他意識過小

永井月月

第一章

 Sの心に焼印を押したのは、子供の頃のある一日だった。褒められなかった。叱られなかった。殴られなかった。彼が何をしても。


 世界は微動だにしなかった。ただ何も言わず、自分をそこに居させてくれた。平和だった。幸せだった。ずっと続けばよかった。続くと思っていた。世界が、勝手にそう思っていた。


 

 朝のリビングには家庭的で平和な音と匂いが満ちていた。妻は息子に持たせる弁当を詰め、残り物から手際よく朝食を取っている。


 身支度を終えたSは自分の弁当を受け取って玄関へ向かい、今一度靴下を引き上げた。起きてきた息子に朝の挨拶をする。


 行ってきます、が短く交わされ、いつも通りのリズムを刻む。


 家を出ると、どこからか漏れ出たテレビの音と鳥の声が混ざり合い、誰もが自分の世界を守るようにすれ違っていく。


 自分が世界の一員である日常に心底Sは安心していたが、他者の世界に触れたくなる衝動がふと胸をつく。平穏を崩すかもしれないのに。


 相反する衝動を抱えながらもSは、平然と、平和に動く世界を一点の曇りもなく愛しているつもりだった。



 朝の通勤ラッシュの光景はいつもと何も変わらず、それぞれが世界の中で忙しなく動いている。


 職場へ急ぐ靴の音、作業員の逞しい声、遮断機の警告音。Sは、渾然とした世界の中に、自分が溶け込んでいる感覚を楽しむのが好きだった。


 突然のクラクションの音で現実に引き戻される。反射的に謝った。車のヘッドライトがこちらを睨みつけている気がした。浸りすぎたか、と少し反省した。

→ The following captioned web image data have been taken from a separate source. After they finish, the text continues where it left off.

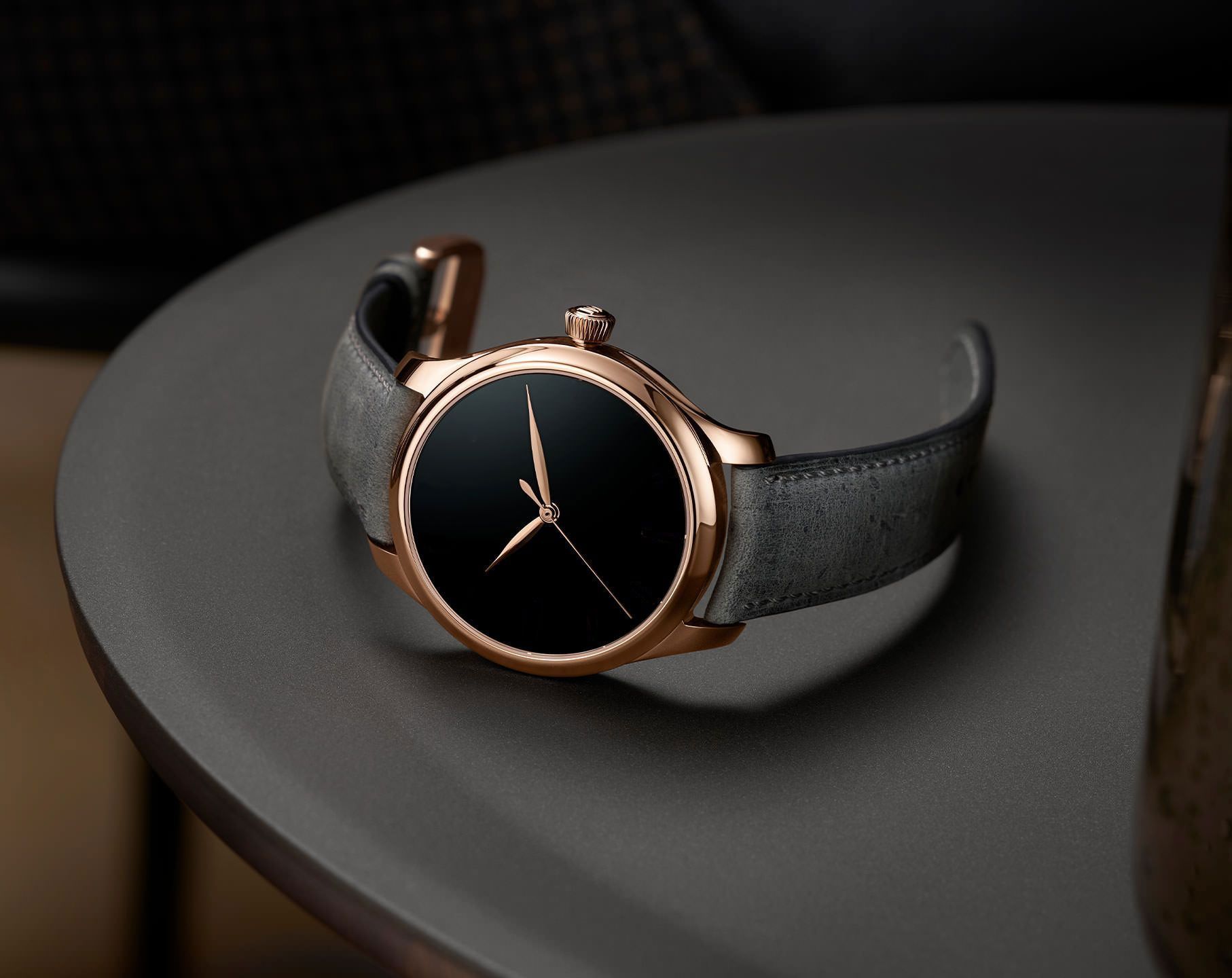 H. Moser & Cie. Endeavour Centre Seconds Vantablack® Dial 40 mm Automatic Watch For Men - 3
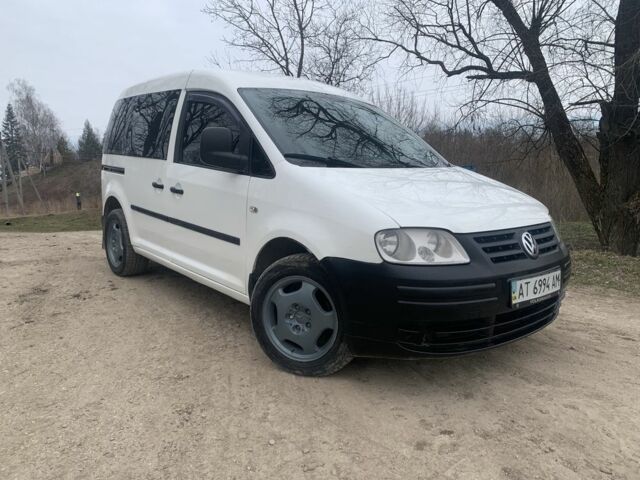 Белый Фольксваген Кадди, объемом двигателя 2 л и пробегом 460 тыс. км за 4350 $, фото 1 на Automoto.ua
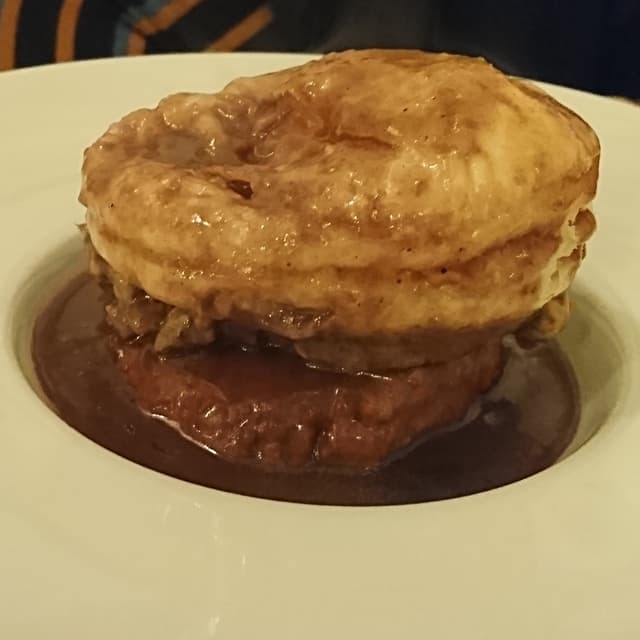 菜肴“Beyond a la royale”的照片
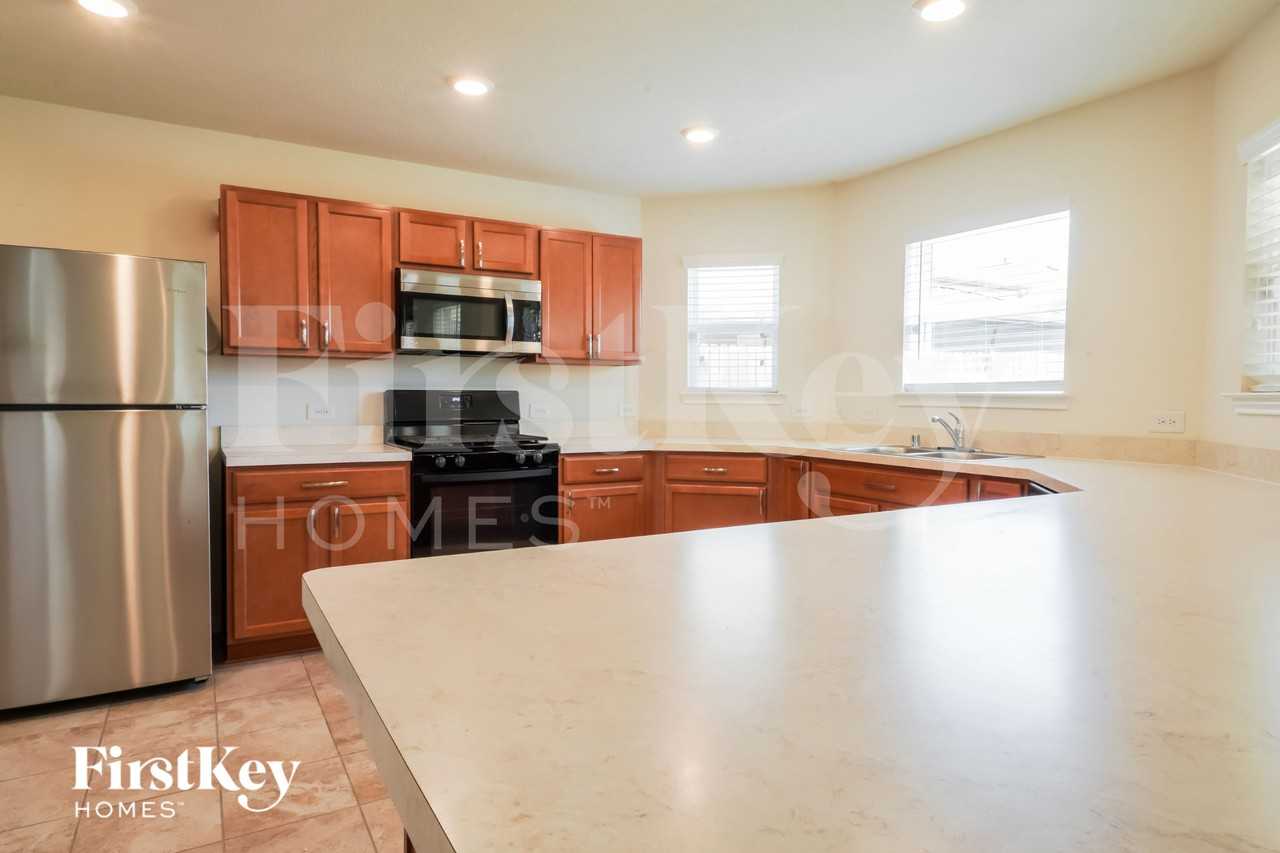 16603 Live Oak Canyon Dr - Photo 6 of 15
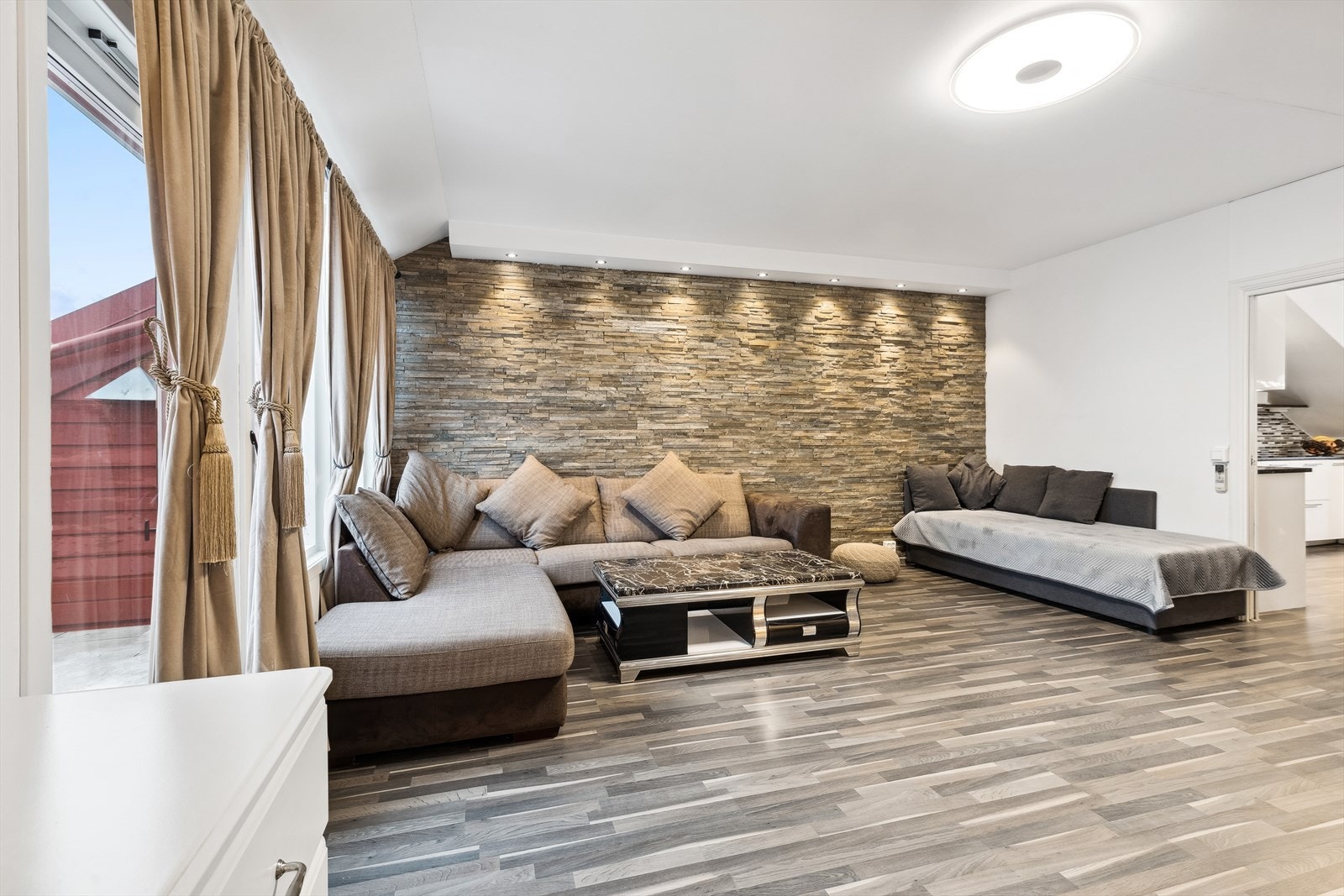 I stuen er det plass til både sofagruppe og spisebord Galleribilde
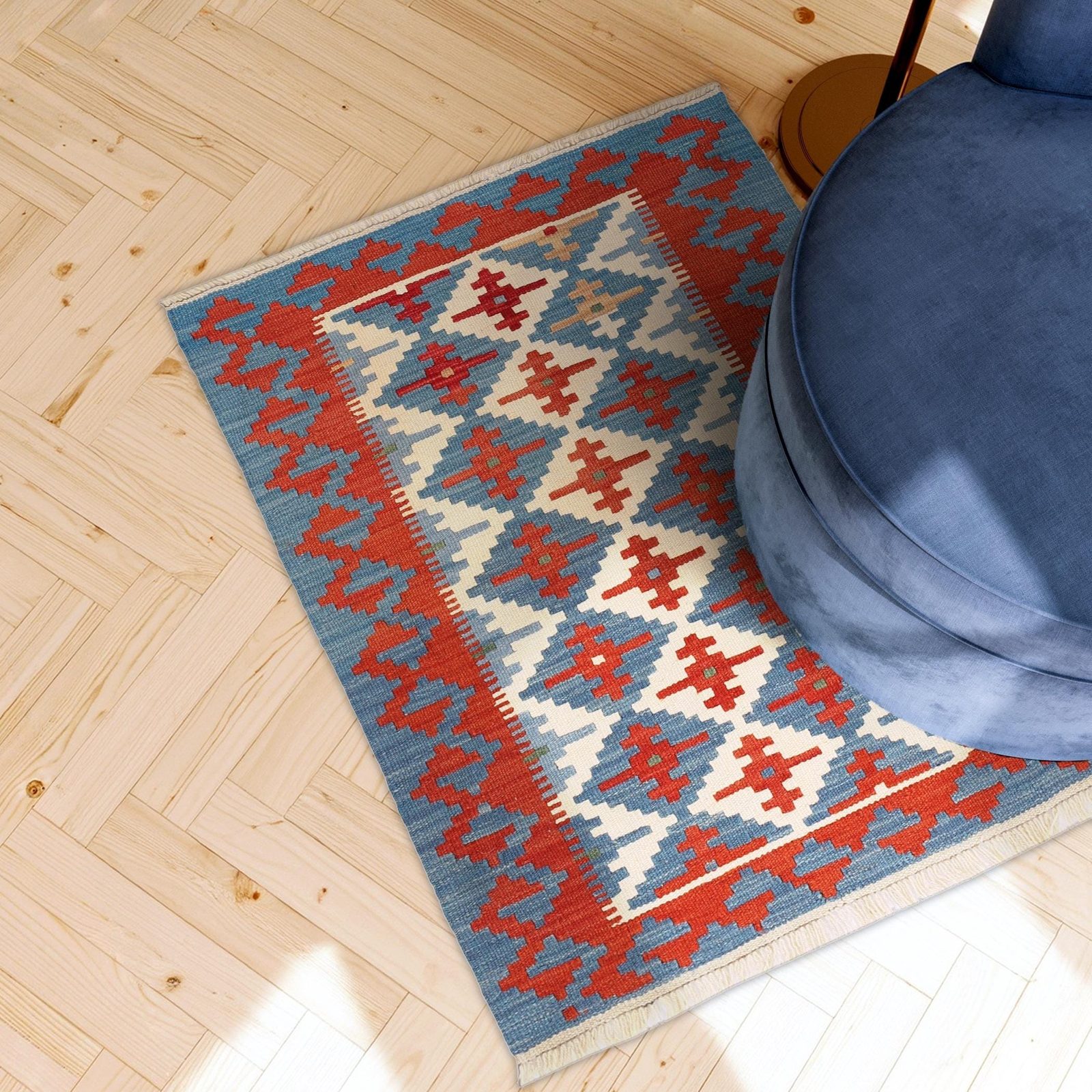 Kleiner Kelim Teppich Blau Rot in einem hellen Wohnzimmer, in echter Größe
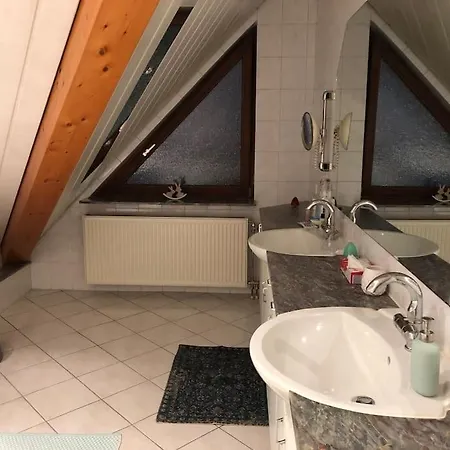 Apartment Grosse, Helle Fuer Bis Zu 6 Personen *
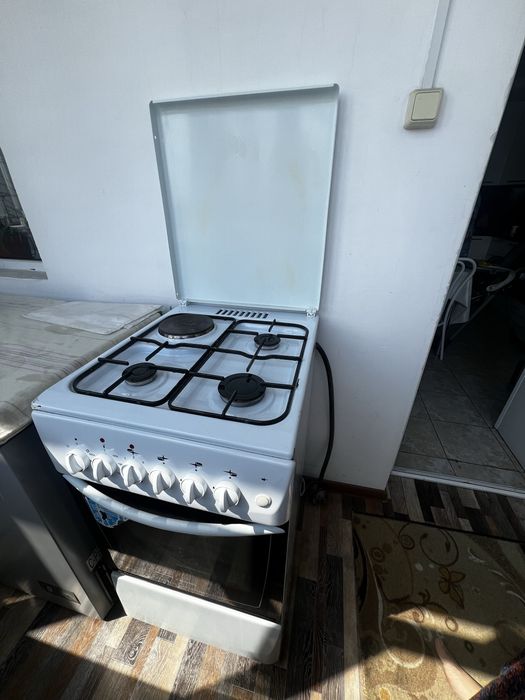 Продам Газ плиту
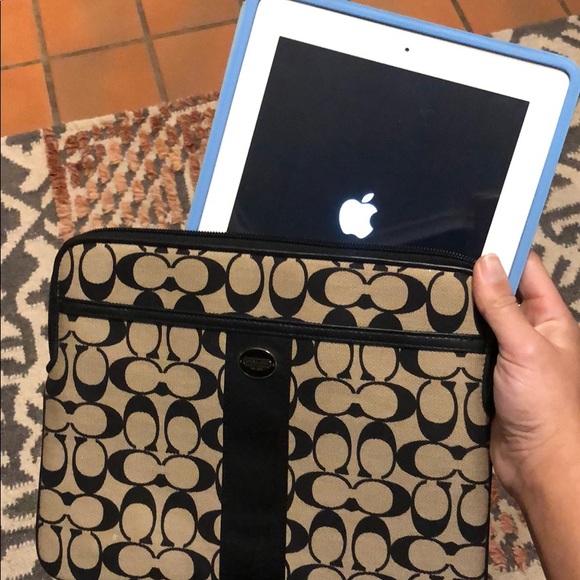 Coach clutch or iPad case - Picture 3 of 7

 職場へ着くと、頭を切り替えるために喫煙所へ向かった。入社した時には数多くいた喫煙者はここ十数年の間に大分減ってしまっていたが、それに伴い縮小された憩いの場には馴染みの面子が集まっていた。


 毎日始業前、同じ時間に同じ場所に集まる顔触れは日毎教会へやって来る敬虔なクリスチャンに見えて、なんだかSは可笑しくなった。


 溢れてくる笑いを噛み潰していると、ふいに声をかけられた。


「ニィちゃんおはよう、天気あんまよくねぇなぁ」


 顔馴染みの清掃員だった。


「ですねぇ……」

「こんな日はやる気が出ねぇよな、お互い辛いモンだ。」

「まあ……天気がよくないくらい、平和なもんじゃないですか。」

「はは、違いねぇ。まぁ今日も頑張ろうや。」


 そう言うと、もう吸うところのほとんどなくなったタバコを灰皿に押し付け、周りに軽く頭を下げながら揚々と去っていった。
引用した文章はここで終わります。